Gregory vs. Snow, Part 132

One of the best shows in Washington these days in the daily contest between Tony Snow, the ex-Fox newsman and current White House flak (we mean, spokesman), and David Gregory, the silver-haired NBC News correspondent.

Every day, it seems, Gregory asks a question that Snow finds highly irritating, if not totally partisan. Snow then engages in an empty rhetorical tap-dance, throws Gregory's question back at him, and accuses Gregory (and, by extension, the entire WH press corps) of bias.

Earth to Tony: Answering hard questions is part of the job. If anything, WH reporters has been too docile during the Bush years, letting the president and his people get away with ill-conceived policies (the Patriotic Act) and too many lapses in judgment (remember those WMDs?).

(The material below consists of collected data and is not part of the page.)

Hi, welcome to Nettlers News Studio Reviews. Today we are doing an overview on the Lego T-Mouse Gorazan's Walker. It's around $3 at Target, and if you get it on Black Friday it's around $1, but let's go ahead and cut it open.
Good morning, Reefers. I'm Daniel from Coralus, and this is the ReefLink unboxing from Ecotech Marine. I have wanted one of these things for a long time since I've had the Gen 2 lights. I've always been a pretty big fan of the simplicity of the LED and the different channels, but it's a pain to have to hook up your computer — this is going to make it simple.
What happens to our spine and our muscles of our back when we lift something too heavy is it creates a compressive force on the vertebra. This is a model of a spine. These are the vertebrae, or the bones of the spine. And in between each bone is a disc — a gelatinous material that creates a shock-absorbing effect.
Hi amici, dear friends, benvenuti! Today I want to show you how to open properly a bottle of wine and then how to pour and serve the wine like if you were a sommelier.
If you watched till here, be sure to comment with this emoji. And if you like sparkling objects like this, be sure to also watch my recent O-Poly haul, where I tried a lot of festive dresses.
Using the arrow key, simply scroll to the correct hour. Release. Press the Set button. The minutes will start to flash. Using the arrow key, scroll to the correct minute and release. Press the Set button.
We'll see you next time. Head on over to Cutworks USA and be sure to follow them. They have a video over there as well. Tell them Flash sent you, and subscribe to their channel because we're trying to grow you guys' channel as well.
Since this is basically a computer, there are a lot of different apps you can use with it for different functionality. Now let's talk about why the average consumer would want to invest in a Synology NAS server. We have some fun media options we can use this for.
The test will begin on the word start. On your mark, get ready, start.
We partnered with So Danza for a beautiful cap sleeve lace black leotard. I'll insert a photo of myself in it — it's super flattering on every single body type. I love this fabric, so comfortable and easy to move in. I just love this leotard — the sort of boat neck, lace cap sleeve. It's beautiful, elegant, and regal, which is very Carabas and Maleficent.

Yet the ever-partisan Mr. Snow never fails to find partisanship in tough questions, as if the role of the press is to sit on its hands and pretend that all is well in Washington and the world. It's not, and even George Bush would be better served by a press secretary who acknowledged the fact that democracies need reporters who routinely challenge authority.

To our way of thinking, David Gregory is serving the citizenry by pushing for more information and more honesty at the highest levels of the Executive Branch.

You can usually catch highlights of the Snow vs. Gregory contest on Keith Olbermann's "Countdown" program on MSMBC. Recommended viewing for the 71 percent of us (see previous entry) who think that Bush has blown it badly in Iraq.